Como uma premonição, Joenia Wapichana diz que o proeminente líder indígena e xamã Davi Kopenawa teve um sonho em que ela liderava a expulsão dos garimpeiros das terras indígenas. “O Davi Kopenawa falou para mim que teve um sonho que eu estava na frente da desintrusão”, disse Joenia Wapichana à Mongabay em uma entrevista na sede da Funai duas semanas da eclosão da crise sanitária na Terra Indígena (TI) Yanomami.
Em 21 de janeiro, Joenia Wapichana foi para a TI Yanomami com o presidente Lula e a ministra dos Povos Indígenas, Sonia Guajajara, após denúncias do site Sumaúma de que 570 crianças haviam morrido por desnutrição e outras doenças desencadeadas pela invasão de 20 mil garimpeiros na área; foi declarado estado de emergência em saúde pública.

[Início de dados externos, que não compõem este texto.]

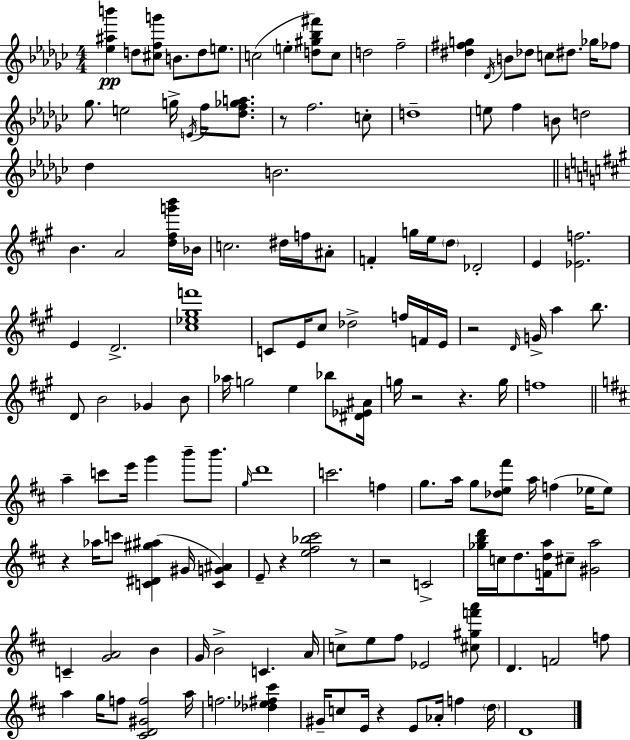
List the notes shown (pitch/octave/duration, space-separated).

[Eb5,A#5,B6]/q D5/e [C#5,F5,G6]/e B4/e. D5/e E5/e. C5/h E5/q [D5,G#5,Bb5,F#6]/e C5/e D5/h F5/h [D#5,F#5,G5]/q Db4/s B4/e Db5/e C5/e D#5/e. Gb5/s FES5/e Gb5/e. E5/h G5/s E4/s F5/s [Db5,F5,Gb5,A5]/e. R/e F5/h. C5/e D5/w E5/e F5/q B4/e D5/h Db5/q B4/h. B4/q. A4/h [D5,F#5,G6,B6]/s Bb4/s C5/h. D#5/s F5/s A#4/e F4/q G5/s E5/s D5/e Db4/h E4/q [Eb4,F5]/h. E4/q D4/h. [C#5,Eb5,G#5,F6]/w C4/e E4/s C#5/e Db5/h F5/s F4/s E4/s R/h D4/s G4/s A5/q B5/e. D4/e B4/h Gb4/q B4/e Ab5/s G5/h E5/q Bb5/e [D#4,Eb4,A#4]/s G5/s R/h R/q. G5/s F5/w A5/q C6/e E6/s G6/q B6/e B6/e. G5/s D6/w C6/h. F5/q G5/e. A5/s G5/e [Db5,E5,F#6]/e A5/s F5/q Eb5/s Eb5/e R/q Ab5/s C6/e [C4,D#4,G#5,A#5]/q G#4/s [C4,G4,A#4]/q E4/e R/q [E5,F#5,Bb5,C#6]/h R/e R/h C4/h [Gb5,B5,D6]/s C5/s D5/e. [F4,D5,A5]/s C#5/e [G#4,A5]/h C4/q [G4,A4]/h B4/q G4/s B4/h C4/q. A4/s C5/e E5/e F#5/e Eb4/h [C#5,G#5,F6,A6]/e D4/q. F4/h F5/e A5/q G5/s F5/e [C#4,D4,G#4,F5]/h A5/s F5/h. [Db5,Eb5,F#5,C#6]/q G#4/s C5/e E4/s R/q E4/e Ab4/s F5/q D5/s D4/w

Nesta entrevista em vídeo com a Mongabay, em 5 de janeiro, Joenia Wapichana destacou as questões “urgentes e humanitárias” no território Yanomami. “A questão da saúde indígena está um caos lá. Crianças morrendo de malária e de desnutrição. Então, assim, não é simplesmente retirada de garimpeiro, mas você tem que ter logo uma ação de manter a segurança ali”.
Joenia Wapichana diz que para pôr um fim a essa crise, são necessárias ações com “fiscalização permanente” coordenadas entre várias entidades governamentais, como o Ministério dos Povos Indígenas, o Ministério da Justiça e a Secretaria Especial de Saúde Indígena do Ministério da Saúde (SESAI). “Não é simplesmente retirar [os garimpeiros] e não deixar ninguém lá para proteger”, diz ela. “É [também] fazer o estudo do que foi deixado pelo garimpo”.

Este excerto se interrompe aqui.